Vendredi 14 Juin 2002
*00h13*
Prendre ce que la vie vous offre, car elle ne l'offre jamais deux fois.
-Paul Morand-
Le choc moelleux d'une rencontre. Un visage. Une voix. Le choc plein d'espoir et déjà vain d'une brève rencontre. Un sourire. Un élan de reconnaissance. Le choc douloureux et cependant imperceptible d'une rencontre. Nous appartenons au même monde. Résidons sur la même planète. Et pourtant nous ne nous recroiserons pas, je le sais bien. Ou pas de sitôt. Mais je me souviens de toi. Toi qui n'existais pas hier, toi dont j'aurai oublié le visage demain. Toi, tu vois, il m'est difficile ce soir de me résigner à m'allonger là et recevoir le sommeil. Toi, tu vois, il m'est difficile d'attraper un livre au passage et de l'ouvrir comme je le faisais la veille. Toi peut-être étais-tu la foudre enfin tombée sur moi ce matin. Toi peut-être notre rencontre détient-elle une infime signification. Toi, tu n'es que toi puisque de toi j'ignore jusqu'au prénom. Rien qu'un sourire rien qu'une voix. Des bouts de vie, des bouts d'esprit. Et rien que ça pour me montrer que j'ai encore laissé passer une occasion de tomber en amour, de tomber en illusions.
J'ai dit devant lui un mot que je ne dit jamais d'habitude, et ça aurait pu être pire, ça aurait pu être meilleur. Je lui ai dit que pour une ville au monde j'avais eu le coup de coeur. Je me rends compte à quel point celà peut sembler ridicule, cette expression qui n'était jamais sortie de ma bouche auparavant. J'aurais bien pu dire à la place le coup de foudre. Mais j'étais déjà bien assez déplacée. Je n'avais jamais employé de mots trop doux devant un inconnu avant. Je regardais partout et m'en voulais pour celà même. Je ne savais plus bien depuis quand la personne devant moi faisait parti de mon paysage, de mon horizon, de mon monde. Je ne savais plus. Plus du tout.

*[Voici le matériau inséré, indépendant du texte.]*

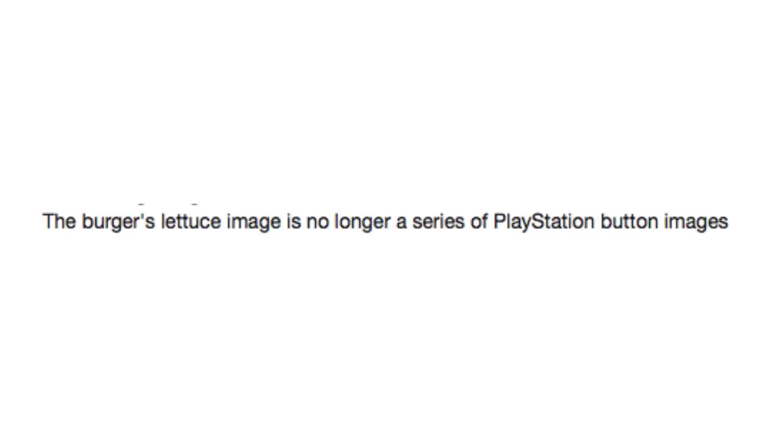The burger's lettuce image is no longer a series of PlayStation button images. Um, excuse me. My double bacon cheeseburger has PlayStation circles in it. I'm very allergic to those. Could you kindly put some PlayStation triangles in it? Thank you.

Il est 00h44. Demain matin, lorsque je me réveillerai, si j'essaye alors encore de m'en souvenir, je serai sûrement étonnée de réaliser qu'il ne s'est écoulé que vingt-quatre heures, à peine.
*10h58*
Tout va bien chez moi. Ce n'est pas parce que j'ai un coeur d'artichaud et que j'aime trop la vie et ses coïncidences et ses clins d'oeil à mes espérances qu'il faut y voir une quelconque pathologie, une instabilité psychologique et sentimentale démesurée. Tout va bien chez moi. Je vis en grand chaque détail, chaque circonstance, et je me sens bien comme ça. Je vis, je ris, je pleure, je ressens, je me mets en émoi devant chaque tableau de l'existence, et je me sens bien comme ça.
*11h41*
La nuit n'a pas emporté mon doux songe. La douche glacée n'a pas noyé mon doux songe. Les rues de cette ville n'ont pas terrassé mon doux songe. Je songe. Encore. A l'inconnu.
Besoin panique de l'écrire comme pour ne pas qu'il m'échappe déjà. Comme pour retenir le jour et figer l'instant. Qu'importe l'inspiration, qu'importe les mots, me complaire dans ce conte, faire d'un rien une épopée.
Comment l'expliquer? Ciel, comment le conter...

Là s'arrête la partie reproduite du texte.